When I was eight years old my third grade teacher told my mom she needed to take me to the library so I could check out books to read at home. I was what she called a "slow reader", and she knew this was the best way to build my speed and comprehension. And so, because of that wonderful teacher, my mom began to see my reading as something I needed to do rather than a way to lay around and do nothing.
I have learned I love to read. I love the stories. I love the narrator voice, especially if it is done well. I love the rhythm some authors bring to their writing. The books of my life have brought me to places, introduced me to characters I would never have known. They have taught me great truths and shown me that something does not have to be factual to be true. Books, and the stories I have found in them have opened the world to me, and for that I am thankful.
It is not surprising then, that I have come to see story, my story-your story, as a way to tell our own personal truths. Our stories, as we tell them, might not be strictly factual, but if we speak from our hearts, our stories always tell what is true.

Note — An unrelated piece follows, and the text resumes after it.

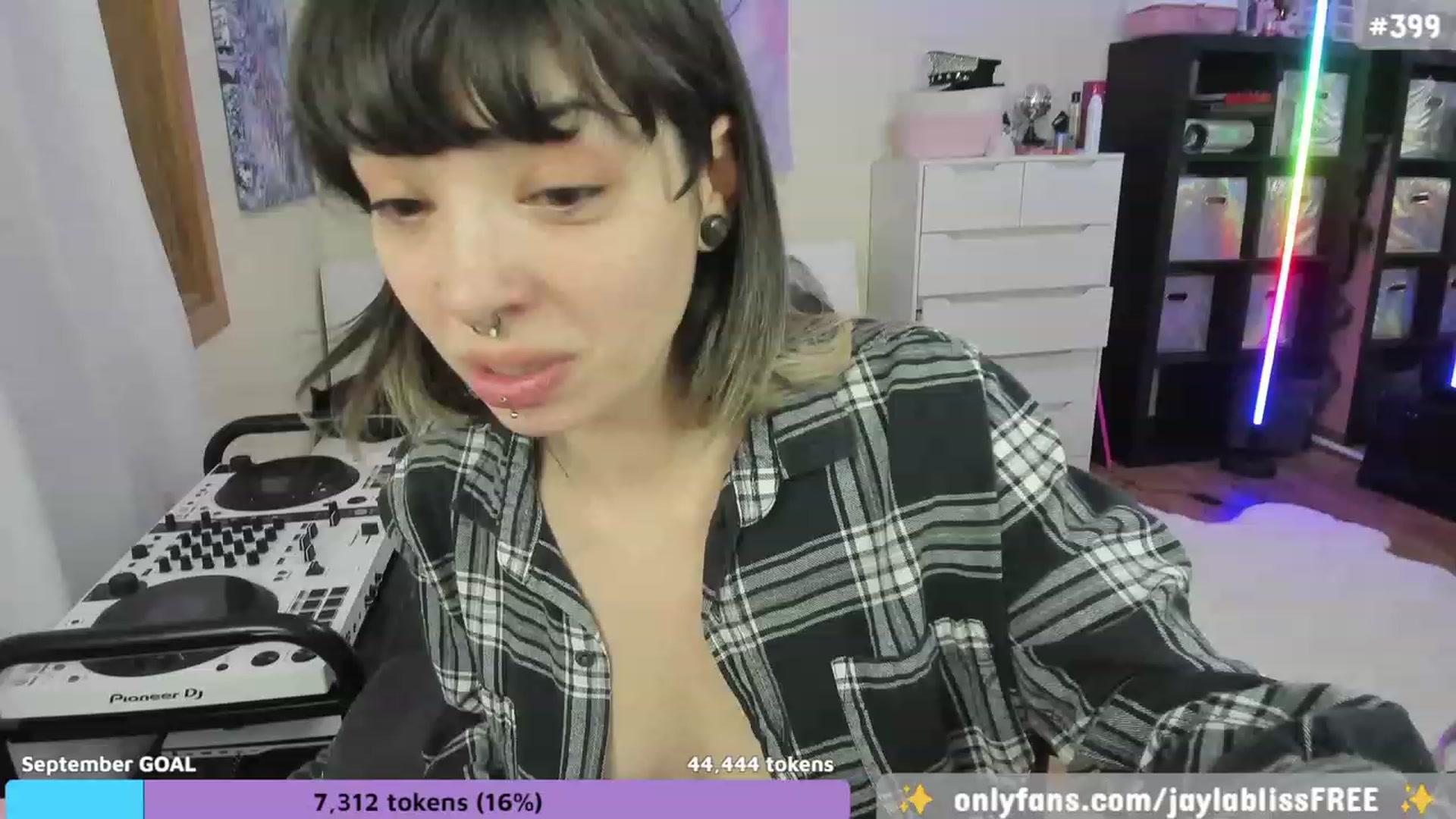 Gallery image thumbnail from JaylaBliss's myfreecams stream on, 09/19/2023, 08:02 image 4 of 20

I think it is in telling our story, to our journal, to another person, that we allow our stories validation. We allow them to breathe. We gift them with a spaciousness that allows the spirit of God to enter.

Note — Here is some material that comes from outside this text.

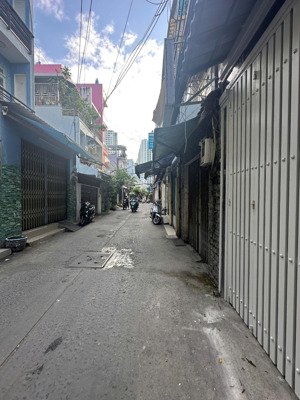 nhà 3 lầu hẻm xe hơi đậu cửa gần trung tâm thương mại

I have kept a journal off and on since college, and have them all. The ones from my college years are full of the passion and drama and make me shudder just a bit with embarrassment when I read them. I have journal entries from early on in my single-mother years, journals packed with self doubt and longings. And I have the many journals of the last twelve years or so. The years when my daughters were growing up and out of the house. The journals where my relationship to God was growing into something that breathed life into my days. These journals are testaments to my development. When I read back in them, even the ones from college, I am aware of the many places the Spirt has intervened in my life.
When I listen to my story, or yours; when I read a Don DeLillo book or a children's classic like Peter Pan; when I read the books of the Bible, I am always looking for the same thing. I am looking for the truth in it. I am looking for that movement of the Spirit that nudges me into seeing what part of these stories is true for me. I am no longer too concerned with what is factual, what can be strictly verified.
This lack of consideration for fact makes some people I know uncomfortable. But I I believe it is in the broken parts of the stories... it is in the stumbles and mistakes... it is in our weakest moment when we are most vulnerable... that we release our spirit to the universe and allow the Spirit of God an entrance into our lives.
It is my hope that this blog will be a place of story. A place where truth slips through the cracks of my life.